[RECORDS TO PROCESS]
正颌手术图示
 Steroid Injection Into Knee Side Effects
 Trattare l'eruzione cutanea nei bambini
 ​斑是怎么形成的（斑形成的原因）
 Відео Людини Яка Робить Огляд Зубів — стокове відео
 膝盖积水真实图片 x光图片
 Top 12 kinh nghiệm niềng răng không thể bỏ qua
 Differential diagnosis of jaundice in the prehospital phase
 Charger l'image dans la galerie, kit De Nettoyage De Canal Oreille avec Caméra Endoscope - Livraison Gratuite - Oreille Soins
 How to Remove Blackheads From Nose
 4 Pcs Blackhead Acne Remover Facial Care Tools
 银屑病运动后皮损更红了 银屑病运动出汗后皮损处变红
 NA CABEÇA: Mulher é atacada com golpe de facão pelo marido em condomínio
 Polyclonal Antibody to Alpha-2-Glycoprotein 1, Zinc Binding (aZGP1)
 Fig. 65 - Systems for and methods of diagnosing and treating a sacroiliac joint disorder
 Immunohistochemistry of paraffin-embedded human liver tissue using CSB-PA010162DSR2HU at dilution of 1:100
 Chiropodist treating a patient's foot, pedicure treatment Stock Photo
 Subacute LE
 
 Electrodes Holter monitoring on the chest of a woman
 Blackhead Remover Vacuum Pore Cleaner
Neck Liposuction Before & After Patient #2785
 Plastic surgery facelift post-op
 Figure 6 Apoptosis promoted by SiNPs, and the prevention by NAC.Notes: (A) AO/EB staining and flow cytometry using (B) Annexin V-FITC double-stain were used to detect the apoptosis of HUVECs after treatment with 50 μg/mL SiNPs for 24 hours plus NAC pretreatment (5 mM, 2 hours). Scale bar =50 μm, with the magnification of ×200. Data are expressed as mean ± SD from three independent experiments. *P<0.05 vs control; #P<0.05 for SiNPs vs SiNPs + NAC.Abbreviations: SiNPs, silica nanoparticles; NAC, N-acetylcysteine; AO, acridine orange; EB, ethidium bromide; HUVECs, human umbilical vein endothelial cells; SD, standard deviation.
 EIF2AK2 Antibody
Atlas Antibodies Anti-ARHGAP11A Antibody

[GOAL OF THE EXERCISE] Filter the listing by the string "treatment"; copy each matching line.

[PROBLEM SOLUTION]
 Chiropodist treating a patient's foot, pedicure treatment Stock Photo
 Figure 6 Apoptosis promoted by SiNPs, and the prevention by NAC.Notes: (A) AO/EB staining and flow cytometry using (B) Annexin V-FITC double-stain were used to detect the apoptosis of HUVECs after treatment with 50 μg/mL SiNPs for 24 hours plus NAC pretreatment (5 mM, 2 hours). Scale bar =50 μm, with the magnification of ×200. Data are expressed as mean ± SD from three independent experiments. *P<0.05 vs control; #P<0.05 for SiNPs vs SiNPs + NAC.Abbreviations: SiNPs, silica nanoparticles; NAC, N-acetylcysteine; AO, acridine orange; EB, ethidium bromide; HUVECs, human umbilical vein endothelial cells; SD, standard deviation.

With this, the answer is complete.